Despite being a discipline linked to technological work, the vocational nature of design has been overlooked by the academic exercise, which in the desire to professionalize contents, has prioritized theoretical conceptualization, leaving aside the tradition of exercise and knowledge derived from the uses of techniques and technologies. From this perspective, we can see how the relationship between technology and society is not homogeneous, since in singular space-times the uses and appropriations of devices are far from the domain of prevailing technologies, even putting to the test concepts such as obsolescence and productivity from the discursive logics of political and economic sectors that characterize the views on the Global South.
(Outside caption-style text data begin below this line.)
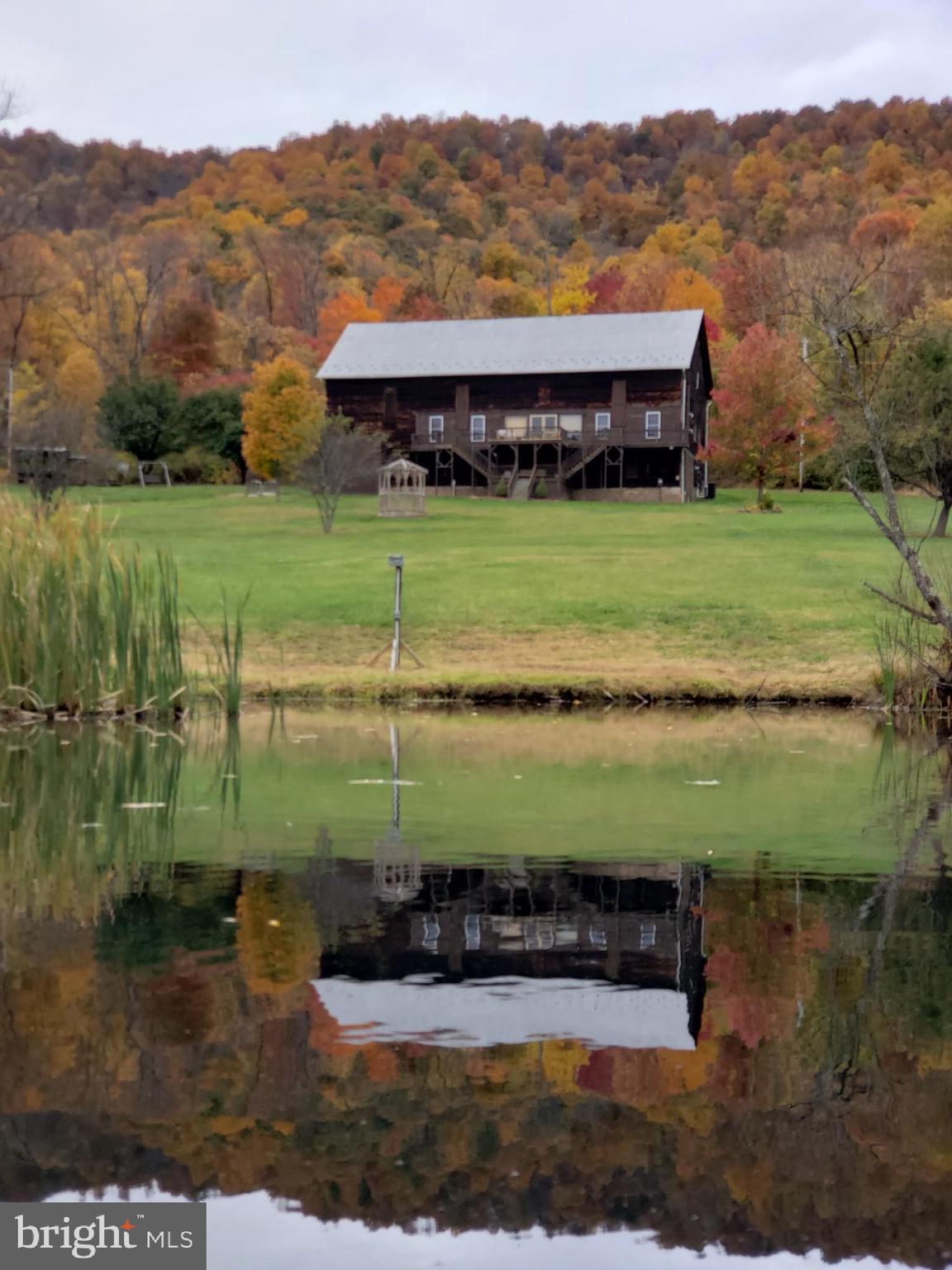 Bitter Goose Lodge – Turn-Key Investment Opportunity Near Lake Raystown, PA
Established hospitality business with over 20 years of loyal guest history, offering immediate income potential.
Nestled on 23 scenic acres in the heart of Raystown Country, the Bitter Goose Lodge provides both serene mountain retreats and exciting outdoor adventures. Surrounded by Pennsylvania's stunning Allegheny Mountains, this property features an expansive lodge, private cabins, and substantial event-hosting capacity, making it ideal for investors seeking a profitable and versatile business.
Property Highlights:
Main Lodge:
Spacious lodge sleeps up to 22 guests, offering a unique blend of rustic charm and modern comforts.
8 bedrooms (6 queen rooms, 1 twin room, bunk room)
Large country-style kitchen with modern amenities
Expansive living area with vaulted ceilings, electric fireplace, and wood-burning stove
Multiple decks with breathtaking mountain and valley views
Fully equipped kitchen and modern bathrooms
Four Private Cabins:
Each cabin comfortably sleeps 6 guests, perfect for families or smaller groups seeking privacy.
2 bedrooms (queen-size bed, twin bunk beds) plus queen pull-out couch
Fully stocked private kitchens
Air-conditioned, with cable TV
Private mountain-view decks
Amenities Included:
Sparkling in-ground swimming pool
Outdoor fire rings and picnic tables
Ample boat and trailer parking
Access to all 23 acres for hiking, wildlife viewing, and relaxation
Proven Revenue Stream:
With an established clientele and more than two decades of successful operations, Bitter Goose Lodge offers investors an immediate revenue stream. Its strong repeat-customer base provides stability and consistent annual income.
Event Venue Potential:
The lodge and grounds can comfortably accommodate events with up to 250 guests, offering significant income opportunities from weddings, reunions, to corporate retreats. The rustic charm and scenic backdrop make Bitter Goose Lodge a highly desirable event location.
Exceptional Location:
Minutes from Lake Raystown, renowned for boating, fishing, swimming, and water sports
Close proximity to Trough Creek State Park, featuring extensive hiking trails, picnic areas, and natural attractions
Easily accessible from State College (SCE) and Martinsburg (AOO) airports
Growth Opportunities:
Permits are in place for future expansion of additional cabins, allowing investors to further increase revenue and capitalize on high rental demand in this popular region.
Don’t miss this opportunity to own a thriving hospitality business with substantial growth potential.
This performative knowledge, consolidated in the historical time of experimentation and doing as a starting point of any analog or digital creative process, together with the expansion and access to information on technical-technological issues, and with an increasingly broad visual culture, allows this type of practice and off-center knowledge to be configured not only as alternative forms of production, but as spaces of agency that challenge the normative and hegemonic, the methodological, and the institutionalization of a practice whose roots are anchored in the collective space of the common.
The reflection on this constant transformation and the learning that has been retrieved from the technological concern of the different learning communities, are key inputs to understand the designs of each environment and build collaboratively a historical narrative whose identity is defined from the practice of design and its participants.
- Build a narrative located from technological appropriations as learning processes alternative to the academic institution, constructing new perspectives and experiences for a multiple history of design.
- Identify trends, behaviors and means related to the language of design processed from the use and appropriation of technologies, knowledge, practices and pedagogies decentered from institutional and regulatory structures.
- Establish relationships between the learning processes of the trade and the curricular structures that have been implemented in the design programs in academic institutions.
- Identify paradigmatic case studies where graphic, visual and/or audiovisual projects and practices converge, characterized by technical and/or technological experimentation and the production of knowledge from the productive perspective of these disciplines.